Das heißt: Wer Tricks kopieren will, für die die Macher des Originals jedes Mal tagelang in der Postproduktion verschwinden, kann verdammt noch mal nicht mit einem Zehntel des Aufwands um die Ecke kommen und „Maßgenaues Wetttöpfern im Chiemgau – Wer schafft den perfekten Ein-Liter-Krug?“ veranstalten.

Und so lobenswert das auch ist, ein verlassenes Kreiskrankenhaus aufzuspüren und einen Quatsch-Parapsychologen namens „Gangolf Eierschmalz“ zu engagieren, damit der die Kontrahenten eine Nacht im Gang festschnallt, um während des vermeintlichen Spuks ihre Herzfrequenz zu messen: Es hülfe enorm, den Film dann auch richtig gruselig zu machen. Und nicht bloß ein bisschen Geisterbahn für Arme zu spielen.

(Abgesehen davon ist es natürlich völlig unrealistisch und gegen alle ungeschriebenen Regeln, dass am Ende solcher „Duelle“ nicht immer automatisch der lange Dünne gewinnt, sondern der kleine Freche.)

Nun wenden Sie womöglich ein, dass es keinen Grund zur Aufregung gibt, ein paar Berliner Fernsehhipster ja wohl kaum das kecke Wettbewerbsgefrotzel zwischen zwei ungleichen Kerlen gepachtet haben dürften und die Ähnlichkeiten des Bayern-„Duells“ zum Welt-„Duell“ allesamt rein zufällig sein könnten.
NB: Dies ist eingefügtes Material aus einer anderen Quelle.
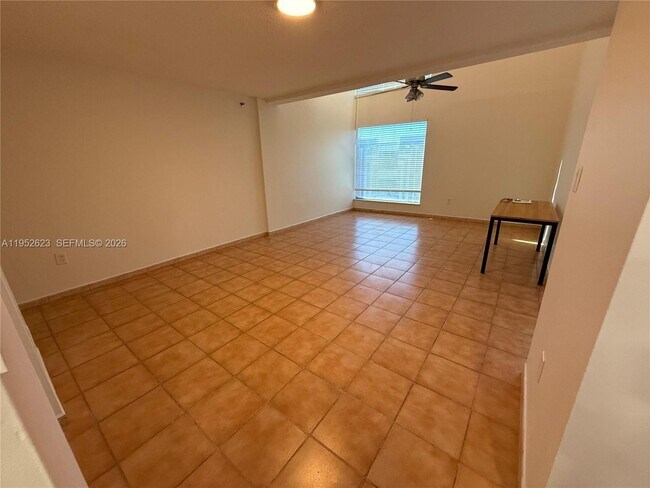 Building Photo - 10641 SW 108th Ave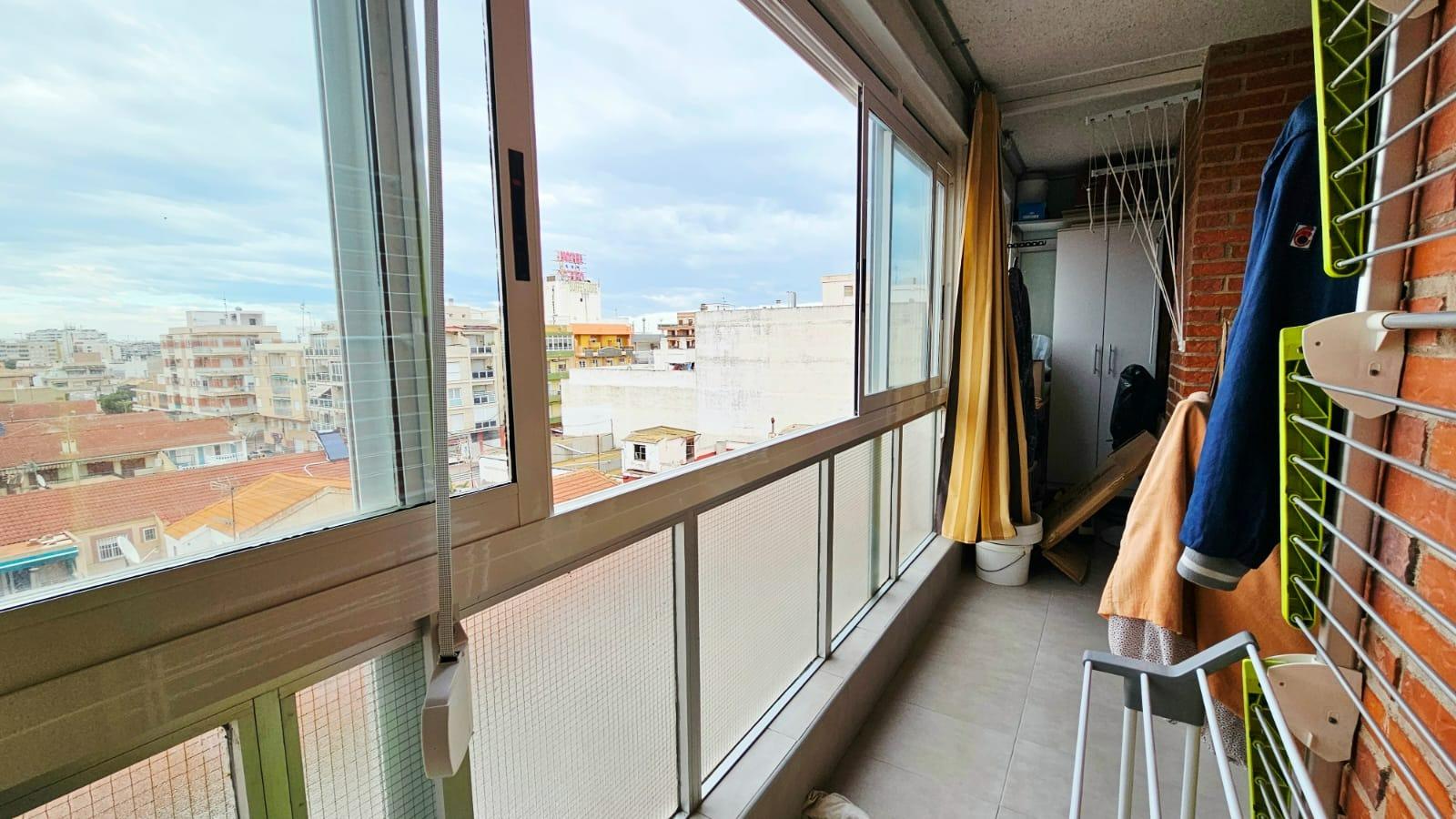 2 Bed, 1 Bath, ApartmentFor Sale, Torrevieja, Alicante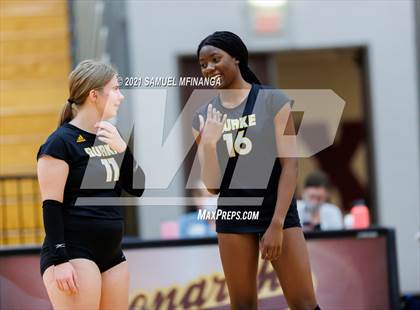 Thumbnail 3 in Burke vs. Omaha South photogallery.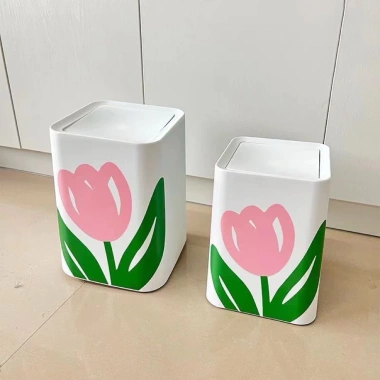 Thùng rác bông hoa Hàn Quốc dễ thương - Thiết kế sang trọng, giảm mùi, chỉ 95.000₫ 6 Thùng rác bông hoa Hàn Quốc dễ thương - Thiết kế sang trọng, giảm mùi, chỉ 95.000₫ 6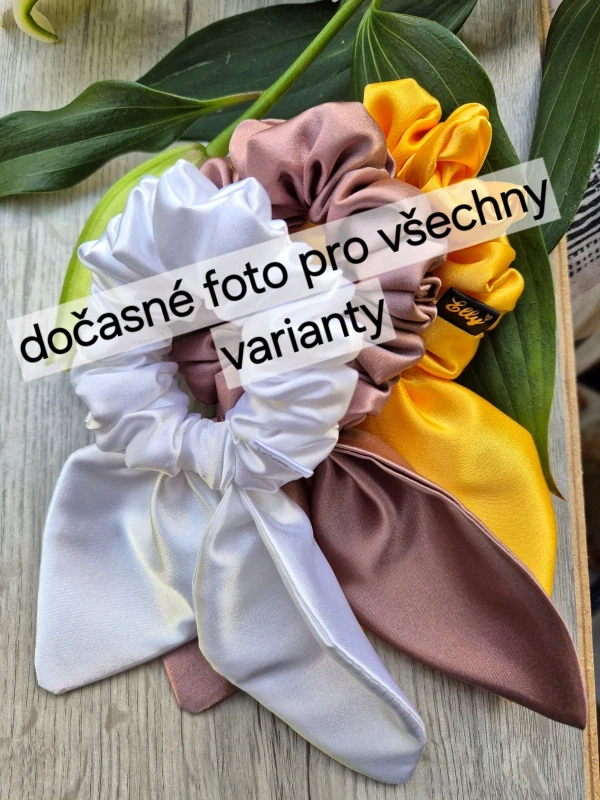 Černé a stříbrné odstíny scrunchies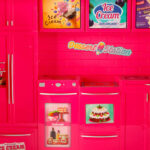 Samochod-dla-lalek-kamper-food-truck-zestaw-21-el-156001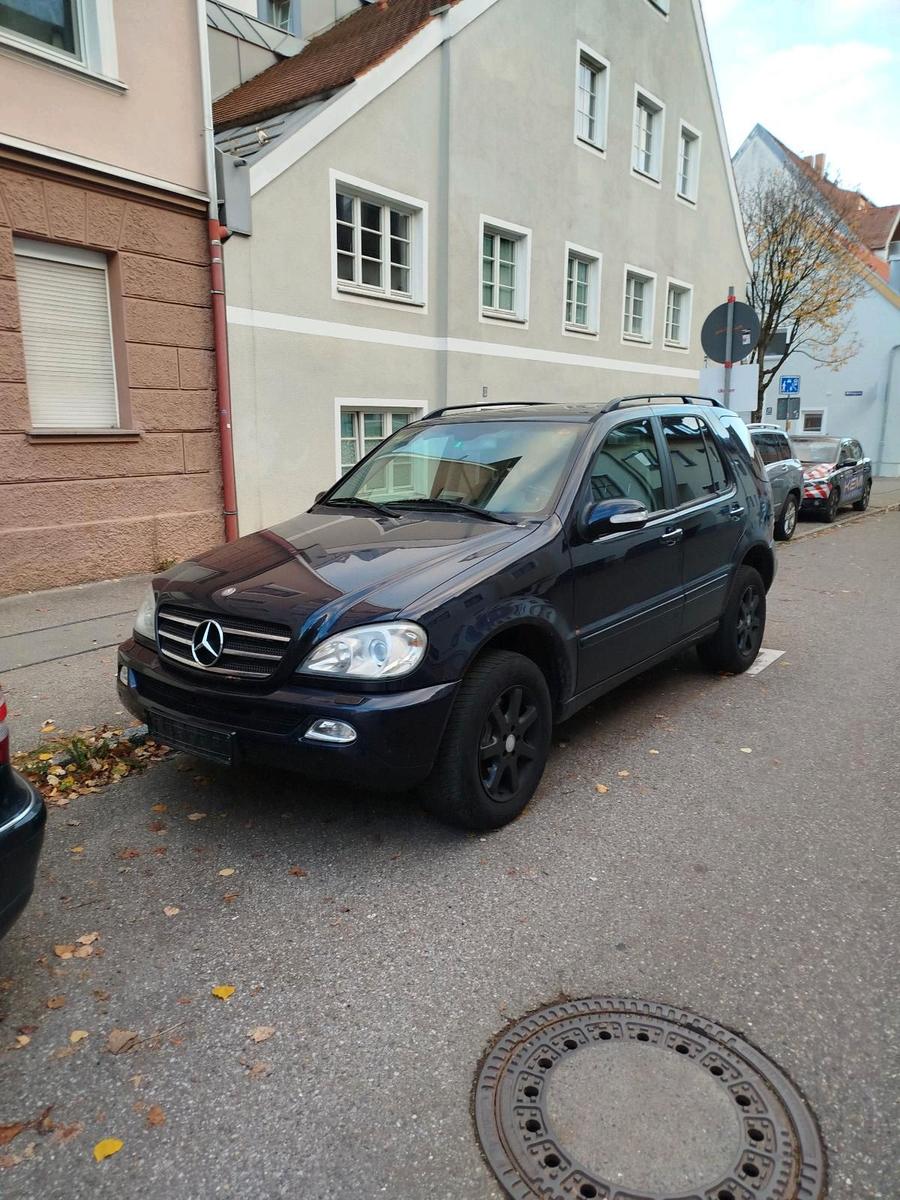Mercedes-Benz ML 400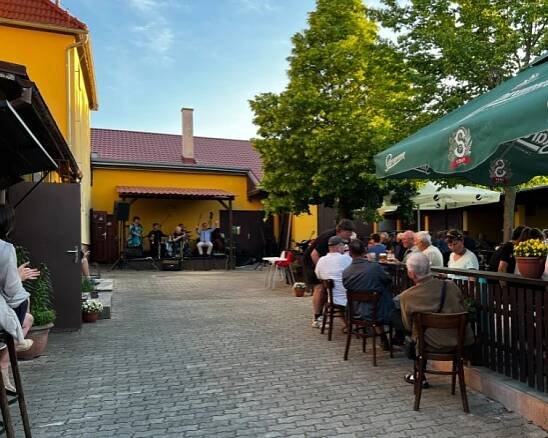 Zahrádka - Restaurace Pod Lipou - Černošice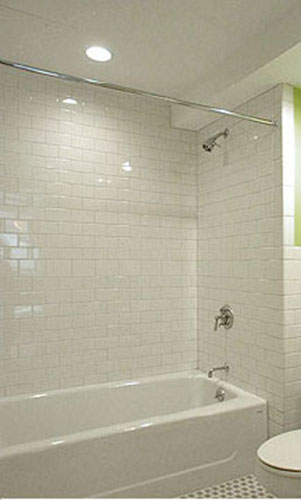 incredible-glass-tile-tub-surround-Dkjg2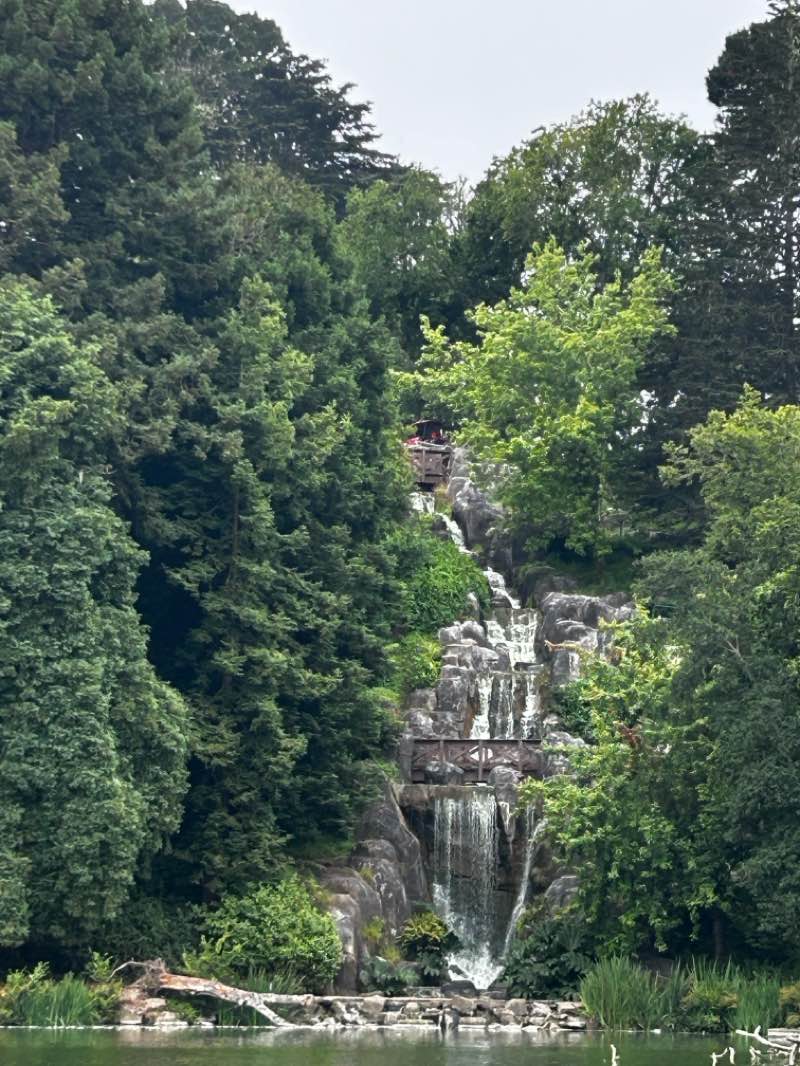 walking near me in Music Concourse in summer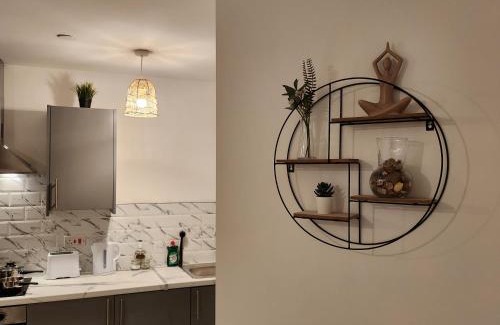 Grangetown Apartment | ApartHotel Flat 1 - 10 min to centre by Property Promise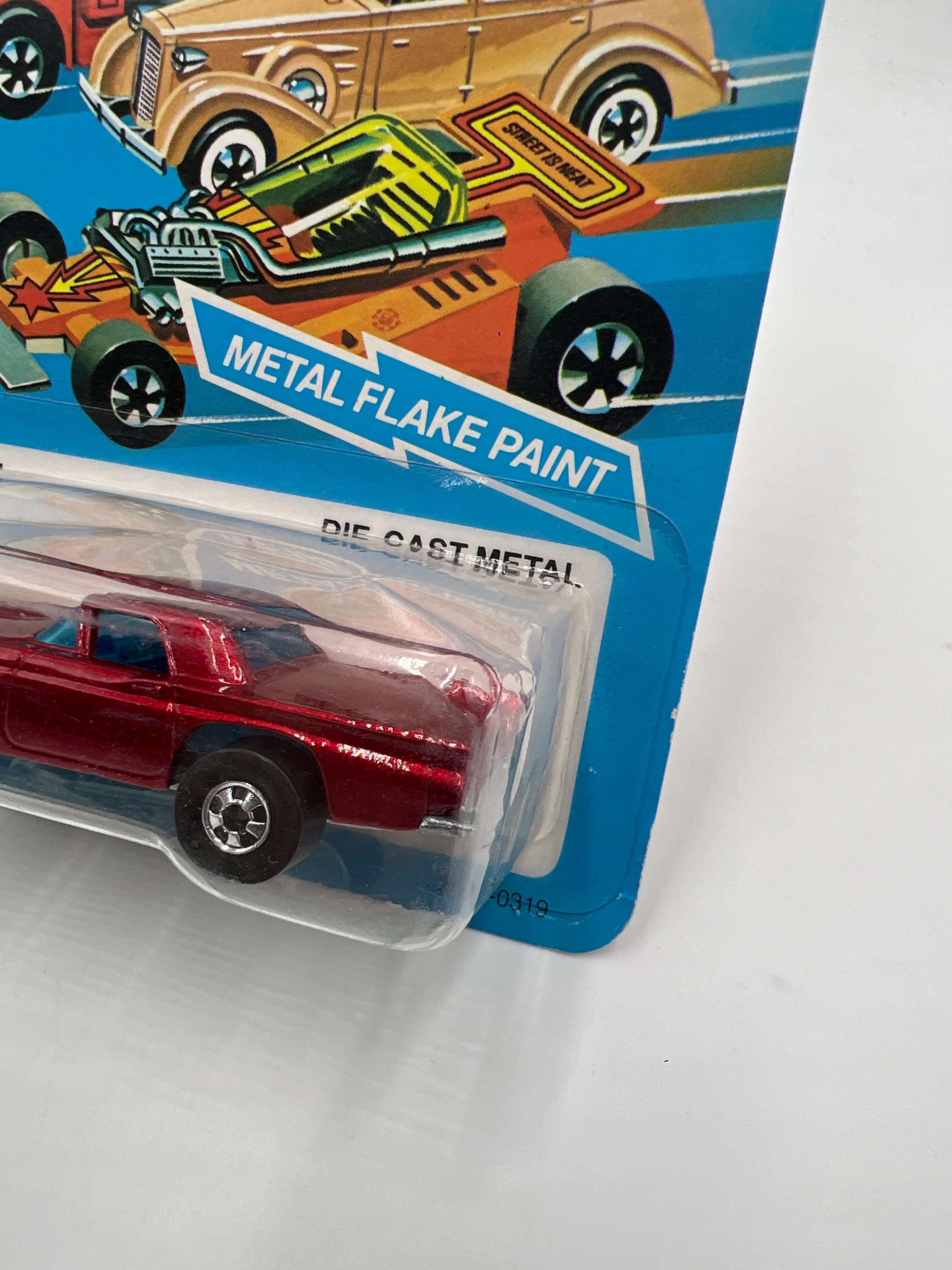 Hot Wheels Original 1982 #2013 57 T-Bird Red Unpunched W/Protector Blister Not Perfect - Image 3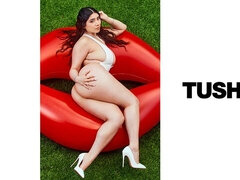 Gros cul, Grosse bite, Gros seins, Sucer une bite, Brunette brune, Plantureuse, En levrette, Double pénétration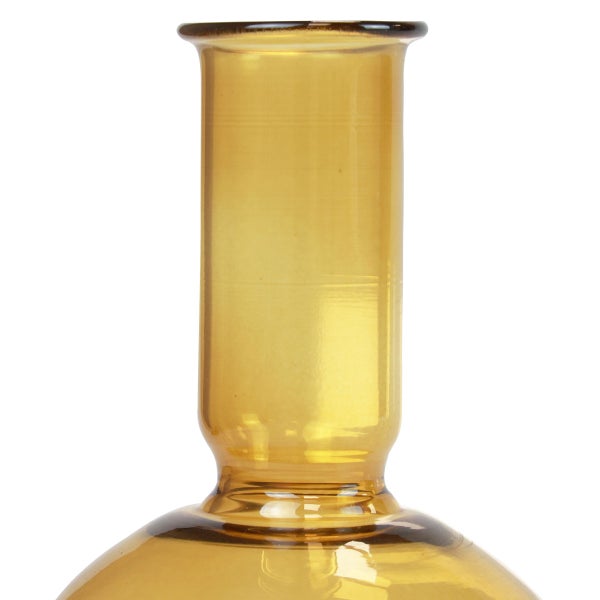 Detailansicht des Halses einer bernsteinfarbenen Glasvase mit ausgestelltem Rand.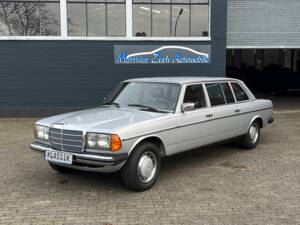 Image 2/51 of Mercedes-Benz 300 D lang (1985)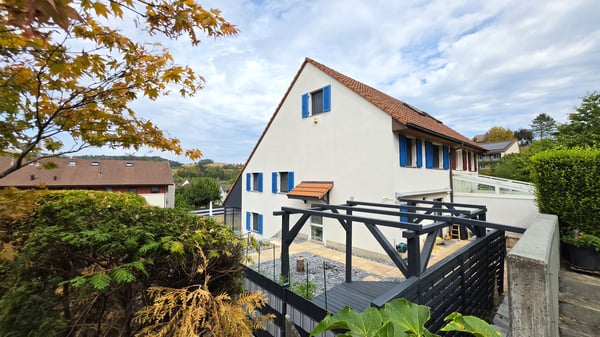 5.5-Zi.-Doppeleinfamilienhaus mit Wintergarten in Diegten kaufen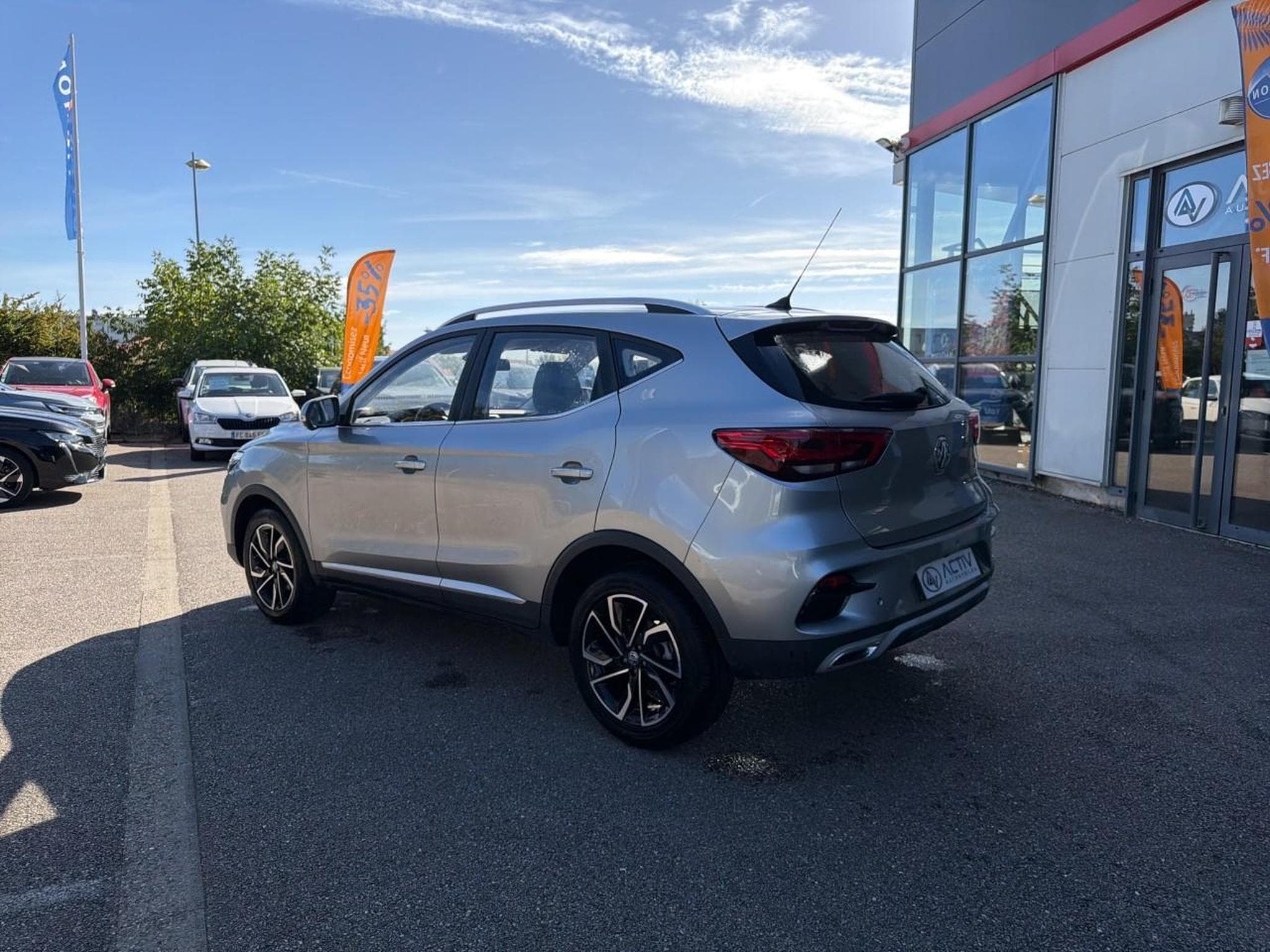 MG ZS 1.5 VTI-TECH 106 LUXURY (2023) - Photo 8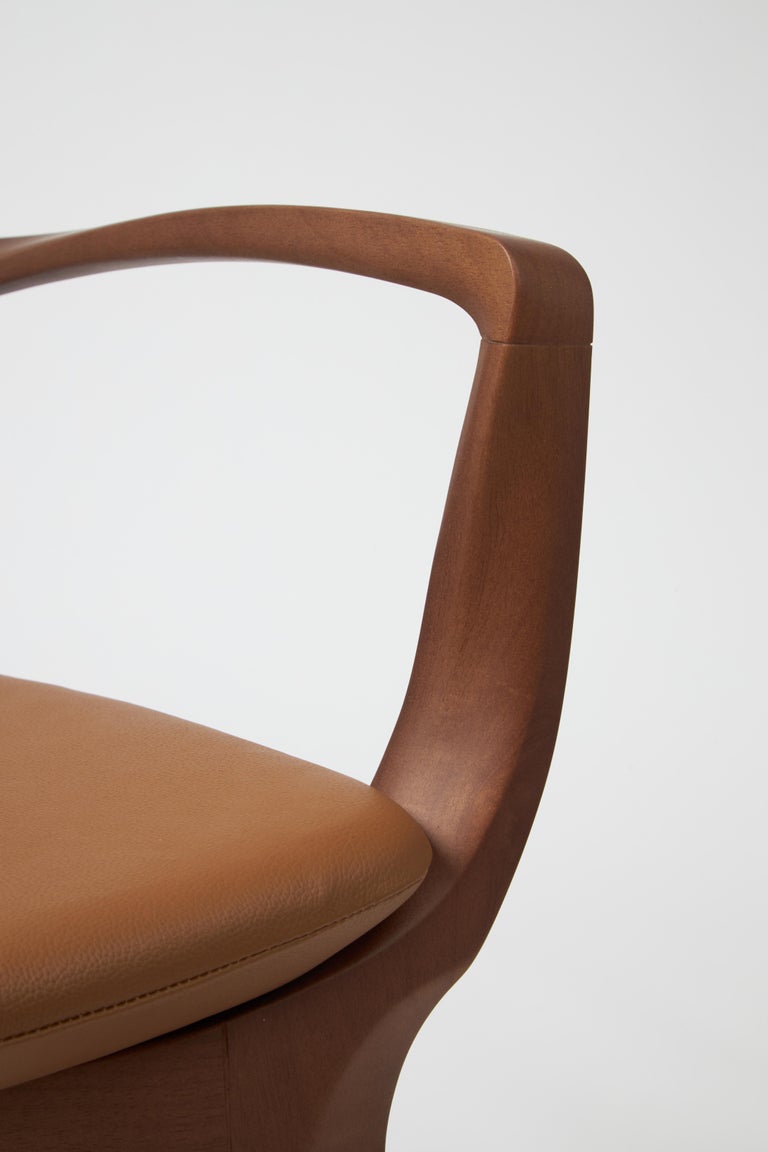 https://a.1stdibscdn.com/modern-style-aurora-chair-sculpted-in-walnut-finish-arms-leather-back-seating-for-sale-picture-7/f_35593/f_390206321711487468362/Emp_rio_das_Cadeiras0775_master.jpg?width=768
Richtig. Aber schauen Sie doch mal, wie der Mähdrescher heißt, auf dem „Mannsbild & Pfundskerl“ gleich in der ersten Ausgabe zu pompöser Musik in Richtung Frauenfußball geschuckelt werden.

Ganz genau: Reine Provokation.

Mannsbild & Pfundskerl© Screenshot: BR

„Mannsbild & Pfundskerl – Das Duell durch Bayern“ läuft montags um 20.15 Uhr im BR Fernsehen. Außerdem sind sämtliche Folgen schon jetzt in der BR Mediathek abrufbar.